When you reach the line with "Dog Loves Sticking", transcribe it and each line after it through the last one below, exactly. Pictures stay out.

==== Supplied data

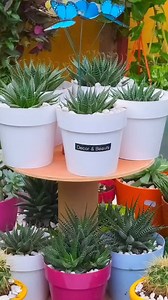 Different types of Haworthia for small spaces🌵😍 #Amazing #reels #haworthia #succulents #garden #beauty #plants #viralreels #reelsviral #reelsinstagram #fypシ #foryoupage #foryou | Decor & Beauty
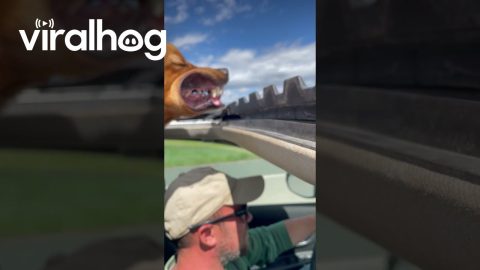 Dog Loves Sticking His Head Out the Sunroof || ViralHog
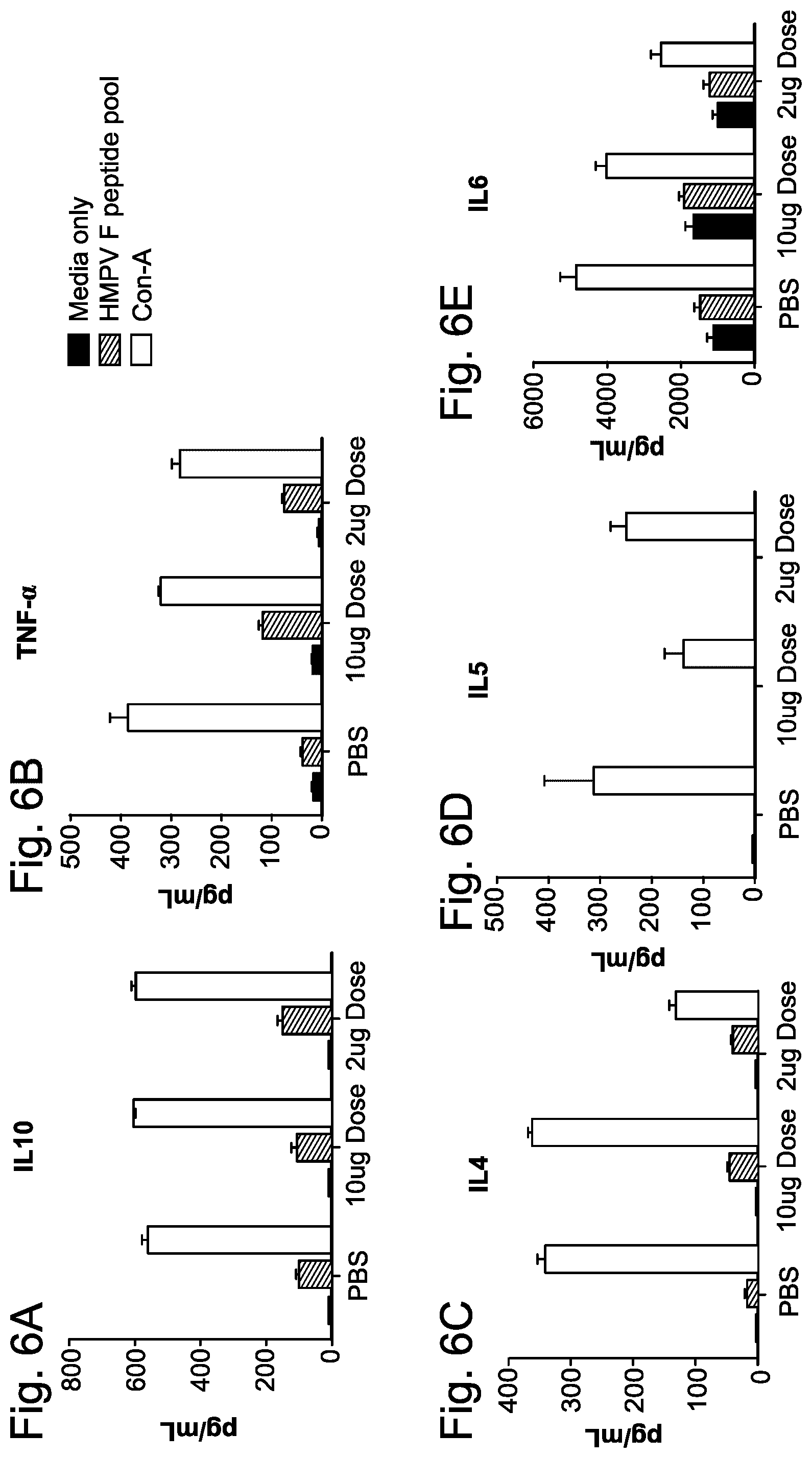 Patent US12551734 Figure 6 – Betacoronavirus mRNA vaccines
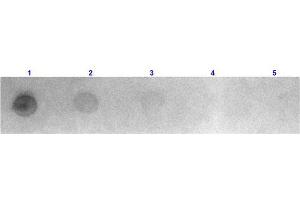 Dot Blot results of Goat Fab Anti-Mouse IgG Antibody Rhodamine Conjugated. (Goat anti-Mouse IgG (Heavy & Light Chain) Antibody (TRITC) - Preadsorbed)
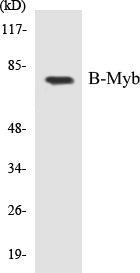 Western blot analysis of extracts from A549 cells, using B-Myb (Ab-577/581) Antibody.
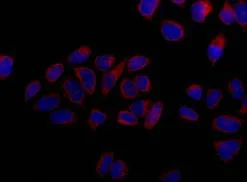 Immunocytochemistry/ Immunofluorescence - Anti-Cytochrome P450 Reductase antibody [EPR14479(B)] (AB180597)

========

§ **Result for this task**
 Dog Loves Sticking His Head Out the Sunroof || ViralHog
 Patent US12551734 Figure 6 – Betacoronavirus mRNA vaccines
 Dot Blot results of Goat Fab Anti-Mouse IgG Antibody Rhodamine Conjugated. (Goat anti-Mouse IgG (Heavy & Light Chain) Antibody (TRITC) - Preadsorbed)
 Western blot analysis of extracts from A549 cells, using B-Myb (Ab-577/581) Antibody.
 Immunocytochemistry/ Immunofluorescence - Anti-Cytochrome P450 Reductase antibody [EPR14479(B)] (AB180597)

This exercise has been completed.